I've seen the integer version $$m_n = m_{n-1} + \frac{a_n-m_{n-1}}{n}.$$ But how do I calculate it where there are amounts, which is $$A=[3, 5, 4]$$ and the corresponding quantities $$Q=[1.5, 2.5, 1]$$ Below version doesn't work, I'm doing it like this $$m_{1.5}=0+\frac{3-0}{1.5}=2$$ $$m_{4}=2+\frac{5-2}{4}=2.75$$ Which is wrong $m_4$ should have been $$\frac{3+5}{1.5+2.5}=2$$
In this case, do I calculate the average incrementally in correct way?
Example for clarification First I bought 1.5kg apple for 3 dollars, then 2.5kg for 5 dollars, then 1kg for 4 dollars. I need to calculate the average price per kg of apple incrementally
Please read the comments below
Well, it's quite easy: let $a_i$ be the prices and $q_i$ the respective quantities.
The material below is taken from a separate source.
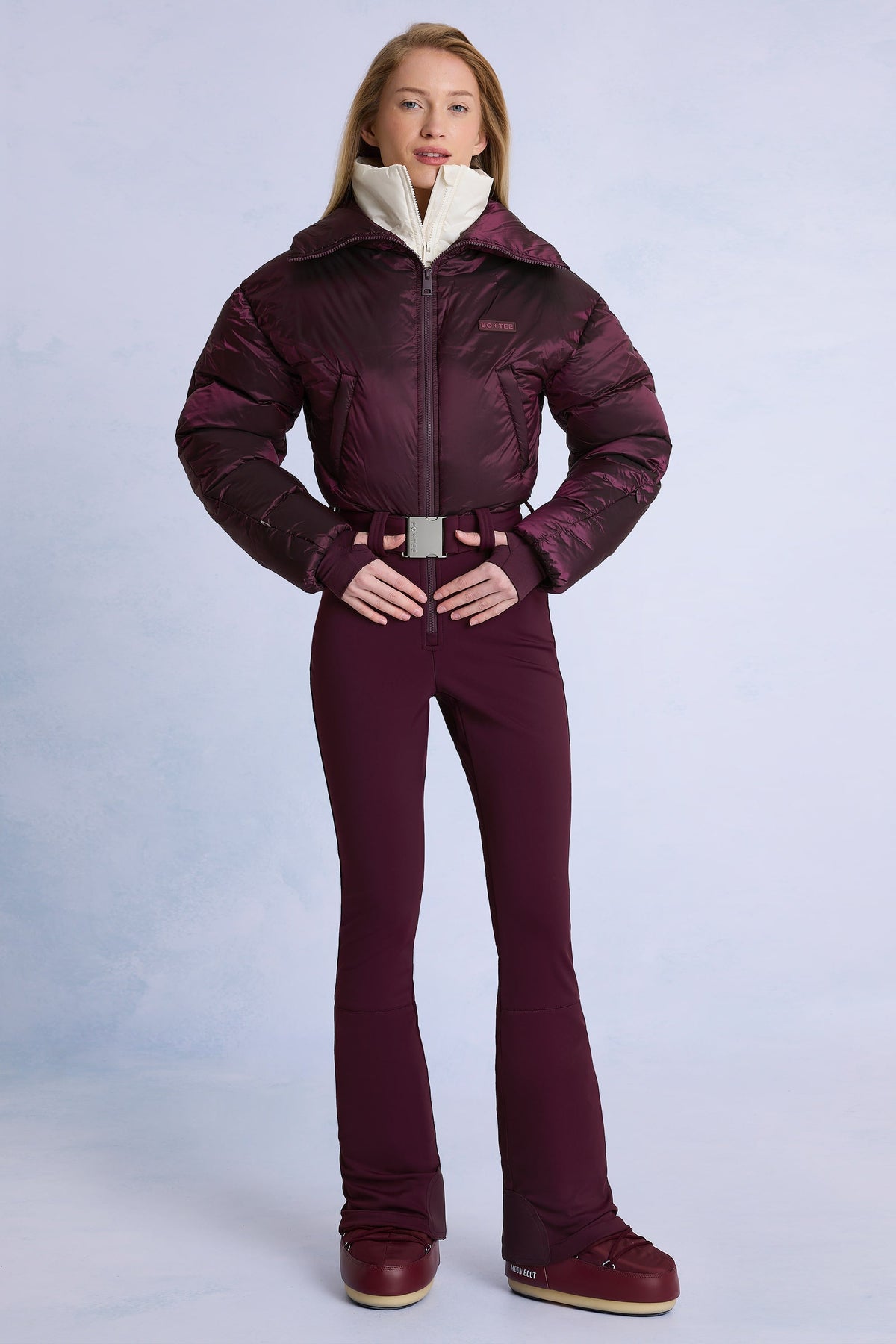 Chic Waterproof Belted Layered Ski Suit in Burgundy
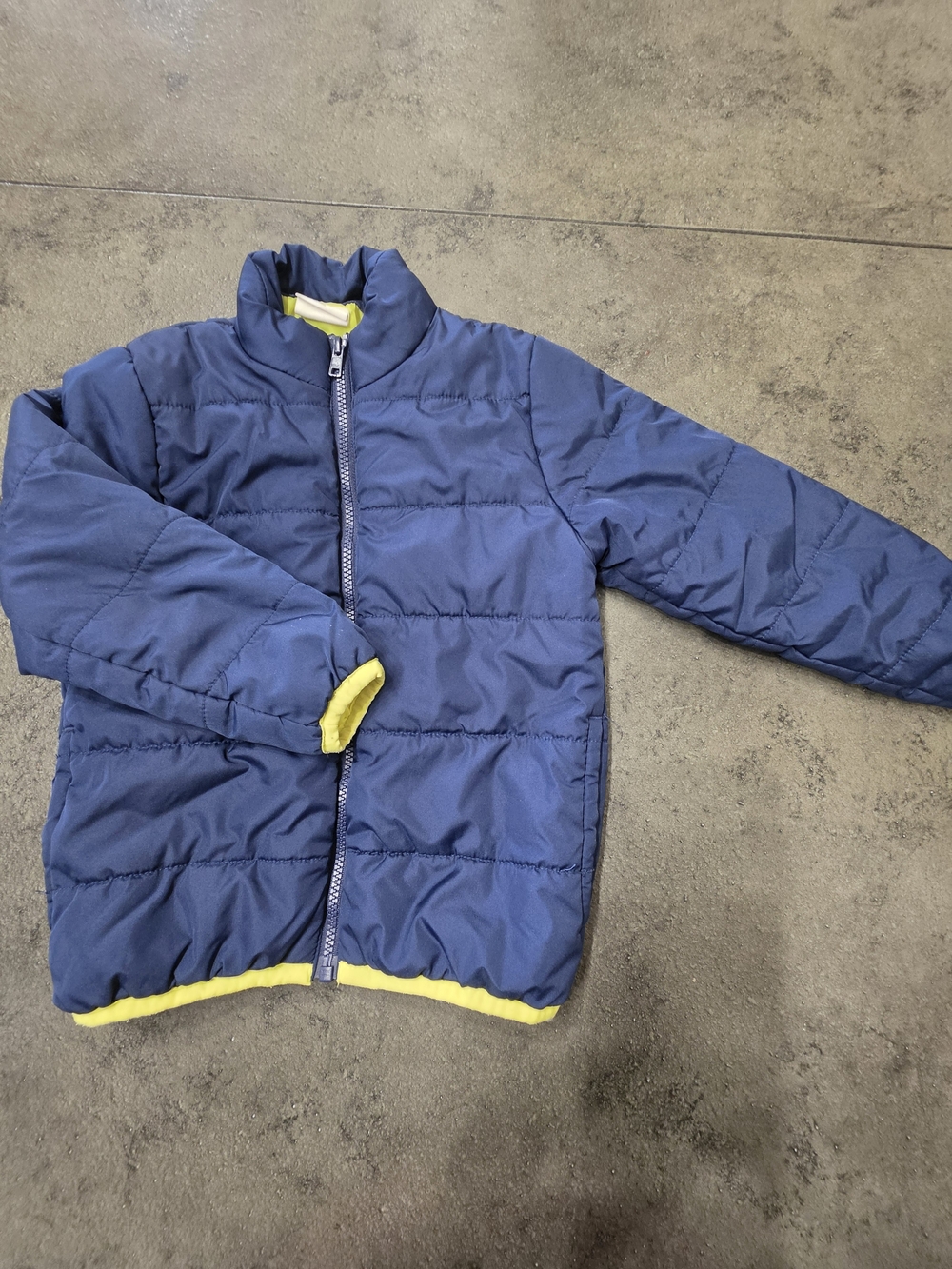 Crazy 8 Navy Puffer Jacket with Yellow Trim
Let $A_n = a_1 +a_2 + \cdots a_n$ , $Q_n = q_1 +q_2 + \cdots q_n$
Then the average price is
$$M_n = \frac{A_n}{Q_n}=\frac{A_{n-1}+a_n}{Q_{n-1}+q_n}=\frac{Q_{n-1} M_{n-1} +a_n }{Q_{n-1}+q_n}$$
You cannot obtain the recursion in terms of $M_{n-1}$ (and $n$) alone, you need to store $Q_{n-1}$ (instead of $n$; indeed, you can think of it as a "effective" $n$).
In the particular case in which $q_n=k$ (constant), then $Q_n= n k$ and
$$M_n= \frac{ (n-1) k M_{n-1} +a_n}{k n}=M_{k-1} + \frac{a_n/k-M_{n-1}}{ n}$$